%%

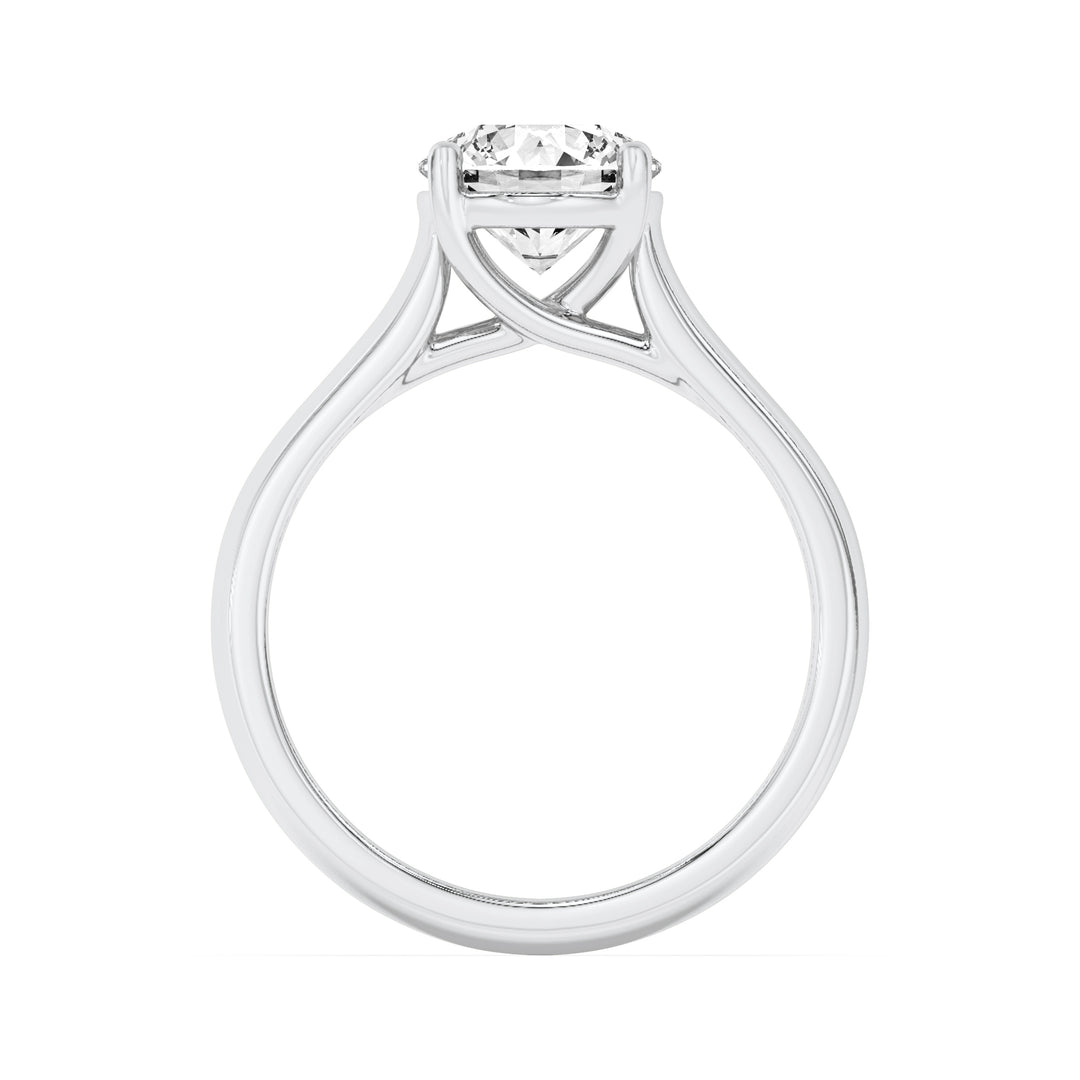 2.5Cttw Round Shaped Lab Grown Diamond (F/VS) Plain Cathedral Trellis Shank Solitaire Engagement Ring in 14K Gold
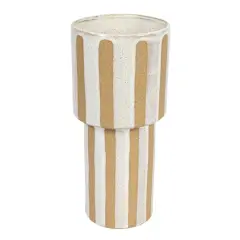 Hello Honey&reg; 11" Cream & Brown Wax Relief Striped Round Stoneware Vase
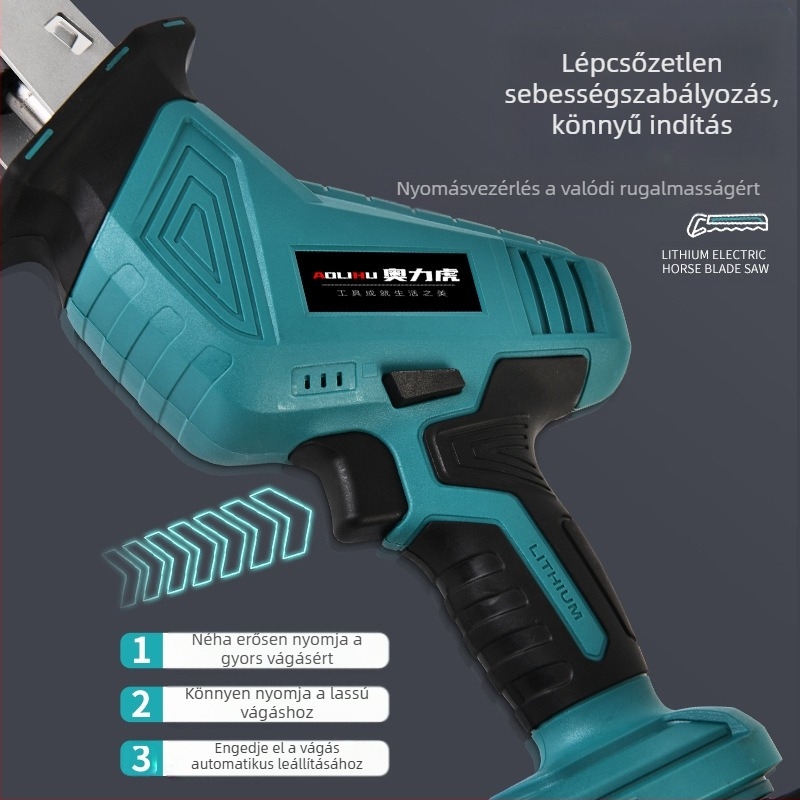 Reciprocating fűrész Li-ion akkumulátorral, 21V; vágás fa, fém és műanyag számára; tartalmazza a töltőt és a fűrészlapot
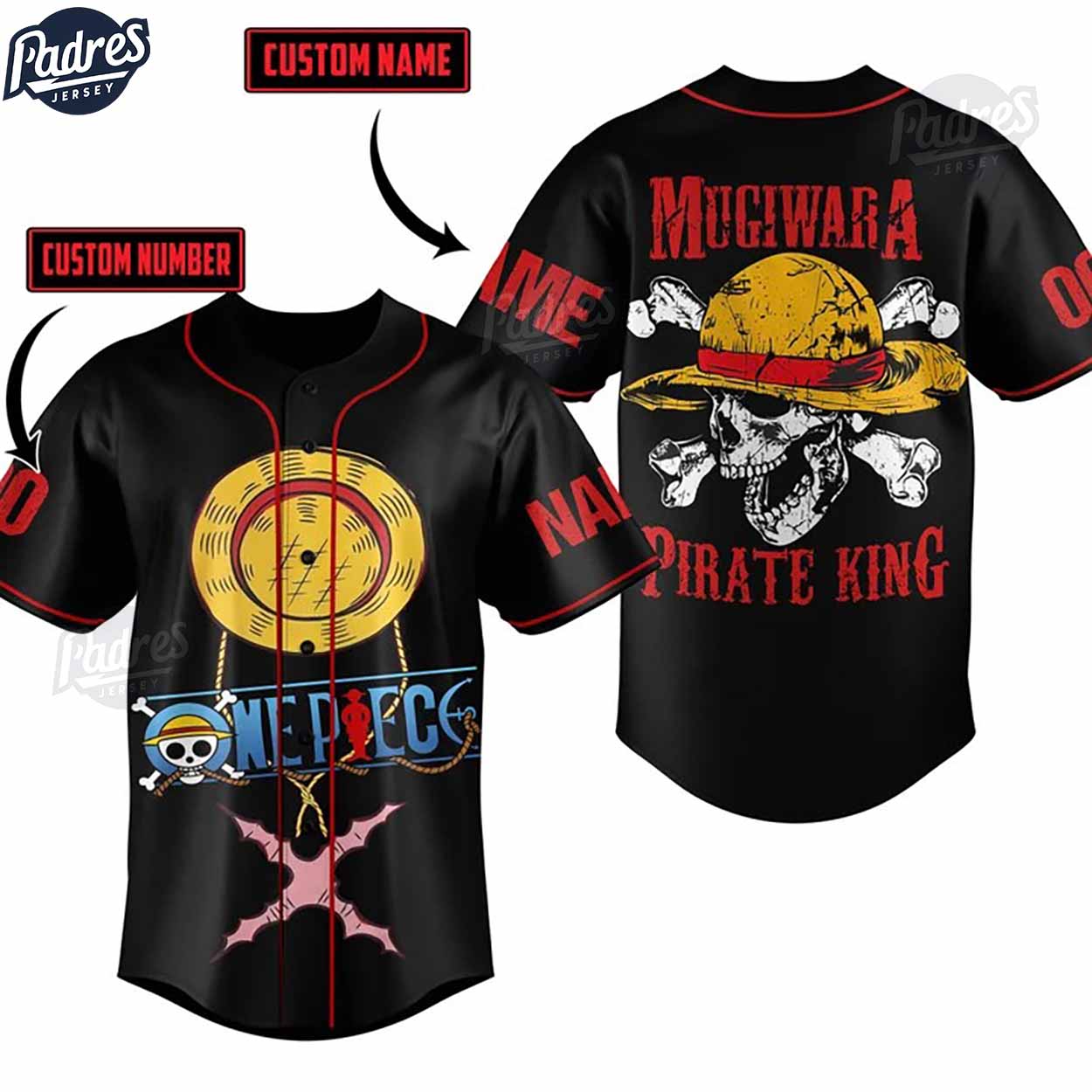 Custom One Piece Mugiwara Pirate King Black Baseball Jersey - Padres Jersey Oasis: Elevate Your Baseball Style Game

%%

*DIRECTIONS FOR THIS TASK*
Keep the pictures out of your copy. Copy only the lines from the line that holds "Round Stoneware Vase" through the last line of the listing above, both included.

*WRITTEN ANSWER*
 Hello Honey&reg; 11" Cream & Brown Wax Relief Striped Round Stoneware Vase
 Reciprocating fűrész Li-ion akkumulátorral, 21V; vágás fa, fém és műanyag számára; tartalmazza a töltőt és a fűrészlapot
 Custom One Piece Mugiwara Pirate King Black Baseball Jersey - Padres Jersey Oasis: Elevate Your Baseball Style Game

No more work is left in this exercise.